= Members of the Tasmanian Legislative Council, 2010–2014 =

This is a list of members of the Tasmanian Legislative Council from 2010 to 2014. Terms of the Legislative Council do not coincide with House of Assembly elections, with members serving six-year terms, and two or three members facing re-election every year. The members have been categorised here according to the four-year terms of the House of Assembly so as to avoid the need for separate member lists for each year.

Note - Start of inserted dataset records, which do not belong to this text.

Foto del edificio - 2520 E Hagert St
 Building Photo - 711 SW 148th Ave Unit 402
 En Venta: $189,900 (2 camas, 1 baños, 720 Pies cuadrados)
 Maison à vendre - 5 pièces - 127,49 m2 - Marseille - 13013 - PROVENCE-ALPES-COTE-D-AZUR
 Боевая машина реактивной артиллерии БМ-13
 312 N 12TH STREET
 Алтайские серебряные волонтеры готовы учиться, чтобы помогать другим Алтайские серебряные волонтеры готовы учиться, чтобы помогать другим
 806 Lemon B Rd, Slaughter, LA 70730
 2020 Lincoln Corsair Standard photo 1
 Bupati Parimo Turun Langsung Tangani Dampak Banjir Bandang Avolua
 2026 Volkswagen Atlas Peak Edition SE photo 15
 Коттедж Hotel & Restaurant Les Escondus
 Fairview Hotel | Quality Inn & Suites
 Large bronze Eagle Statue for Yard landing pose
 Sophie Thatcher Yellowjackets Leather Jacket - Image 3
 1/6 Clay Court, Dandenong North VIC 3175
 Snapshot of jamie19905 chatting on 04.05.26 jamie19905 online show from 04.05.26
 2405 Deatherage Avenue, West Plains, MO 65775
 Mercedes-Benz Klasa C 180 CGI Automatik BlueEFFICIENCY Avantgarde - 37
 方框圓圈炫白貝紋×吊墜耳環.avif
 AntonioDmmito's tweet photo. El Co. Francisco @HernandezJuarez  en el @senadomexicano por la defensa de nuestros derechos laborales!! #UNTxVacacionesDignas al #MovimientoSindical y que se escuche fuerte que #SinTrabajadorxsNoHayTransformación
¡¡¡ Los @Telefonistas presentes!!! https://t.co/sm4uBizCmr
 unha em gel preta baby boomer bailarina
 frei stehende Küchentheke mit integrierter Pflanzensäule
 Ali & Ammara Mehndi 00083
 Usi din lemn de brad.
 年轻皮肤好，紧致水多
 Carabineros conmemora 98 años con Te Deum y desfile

| Name | Party | Electorate | First elected | Term expires |
|---|---|---|---|---|
| Hon Michael Aird ^{2} | Labor Party | Derwent | 1995 | 2011 |
| Hon Rosemary Armitage ^{2} | Independent | Launceston | 2011 | 2017 |
| Hon Ivan Dean | Independent | Windermere | 2003 | 2015 |
| Hon Craig Farrell ^{2} | Australian Labor Party | Derwent | 2011 | 2015 |
| Hon Kerry Finch | Independent | Rosevears | 2002 | 2014 |
| Hon Ruth Forrest ^{2} | Independent | Murchison | 2005 | 2017 |
| Hon Mike Gaffney | Independent | Mersey | 2009 | 2015 |
| Hon Vanessa Goodwin | Liberal Party | Pembroke | 2009 | 2019 |
| Hon Greg Hall ^{3} | Independent | Western Tiers | 2001 | 2018 |
| Hon Paul Harriss | Independent | Huon | 1996 | 2014 |
| Hon Leonie Hiscutt | Liberal Party of Australia | Montgomery | 2013 | 2019 |
| Hon Tony Mulder ^{2} | Independent | Rumney | 2011 | 2017 |
| Hon Doug Parkinson ^{3} | Australian Labor Party | Hobart | 1994 | 2012 |
| Hon Tania Rattray ^{1} | Independent | Apsley | 2004 | 2016 |
| Hon Sue Smith | Independent | Montgomery | 1997 | 2013 |
| Hon Adriana Taylor ^{1} | Independent | Elwick | 2010 | 2016 |
| Hon Lin Thorp ^{2} | Australian Labor Party | Rumney | 1999 | 2011 |
| Hon Rob Valentine ^{3} | Independent | Hobart | 2012 | 2018 |
| Hon Jim Wilkinson | Independent | Nelson | 1995 | 2019 |
| Hon Don Wing ^{2} | Independent | Launceston | 1982 | 2011 |

^{1} Apsley MLC Tania Rattray was re-elected unopposed at the 2010 periodic elections. Elwick MLC Terry Martin retired, and the election for his seat was won by Adriana Taylor.
^{2} Murchison MLC Ruth Forrest was re-elected unopposed at the 2011 periodic elections. Launceston MLC Don Wing retired and was replaced by fellow independent Rosemary Armitage, while Rumney Labor MLC Lin Thorp was defeated by independent candidate Tony Mulder. In a by-election held on the same day to replace Derwent MLC Labor Michael Aird, Labor candidate Craig Farrell was elected.
^{3} Western Tiers MLC Greg Hall was re-elected at the 2012 periodic elections. Hobart MLC Doug Parkinson retired, and the election for his seat was won by former Lord Mayor of Hobart Rob Valentine.